▸ Your objective: Any picture in the entries is to be skipped, while everything else is transcribed word for word.

===== Data records

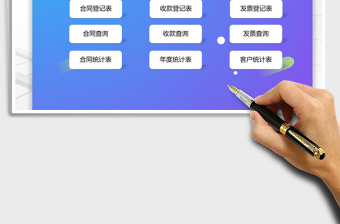 2021年合同管理系統(tǒng)（收款發(fā)票管理）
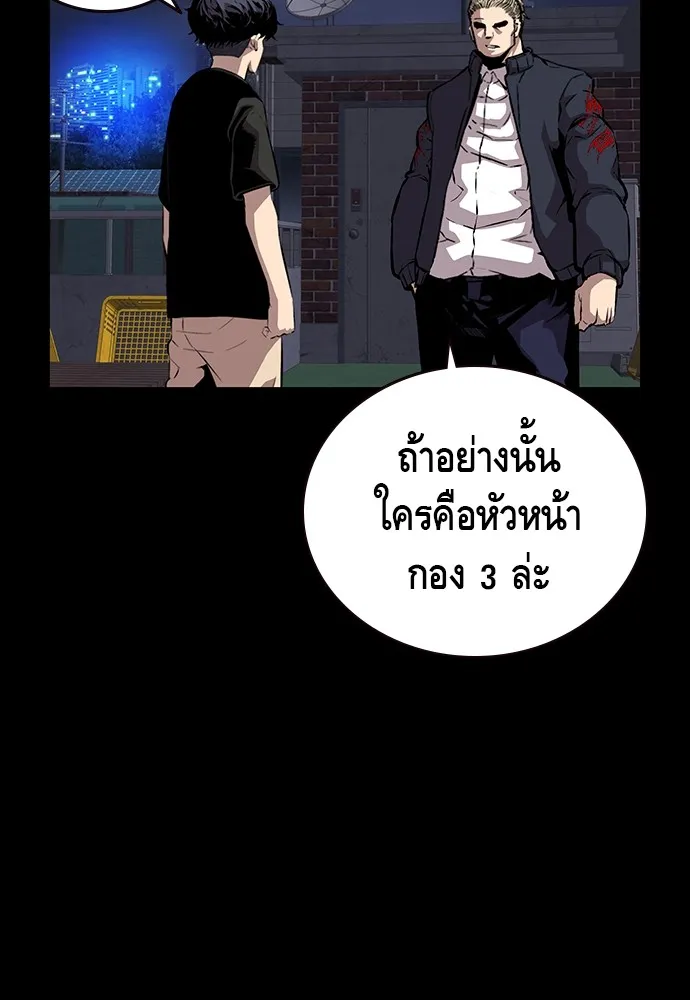 King Game ตอนที่ 37 ปล่อยโอกาสหลุดมือได้ไงวะ รูปที่ 106
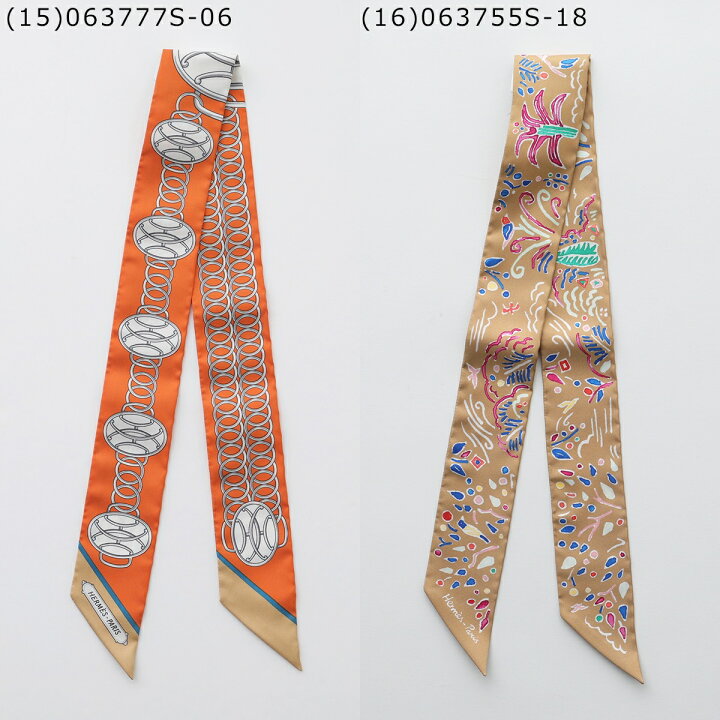 楽天市場】【5/24～5/25限定ポイント3倍】 HERMES エルメス ツイリー  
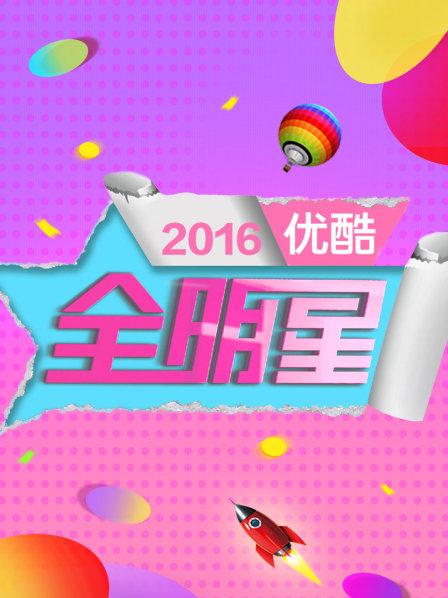 优酷全明星三年温情回顾
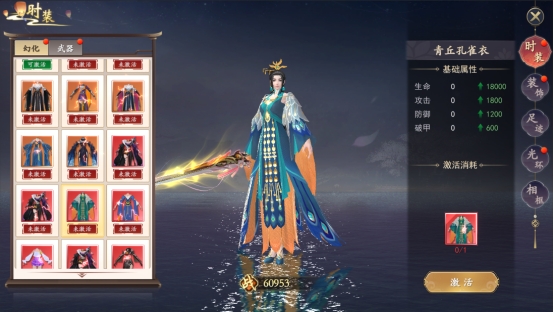 《上古情歌》人物系统介绍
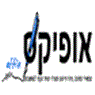 אופיקס ציוד משרדי בבת ים אופיקס ציוד משרדי בבת ים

==========

▸ Exercise output:
 2021年合同管理系統(tǒng)（收款發(fā)票管理）
 King Game ตอนที่ 37 ปล่อยโอกาสหลุดมือได้ไงวะ รูปที่ 106
 楽天市場】【5/24～5/25限定ポイント3倍】 HERMES エルメス ツイリー  
 优酷全明星三年温情回顾
 《上古情歌》人物系统介绍
 אופיקס ציוד משרדי בבת ים אופיקס ציוד משרדי בבת ים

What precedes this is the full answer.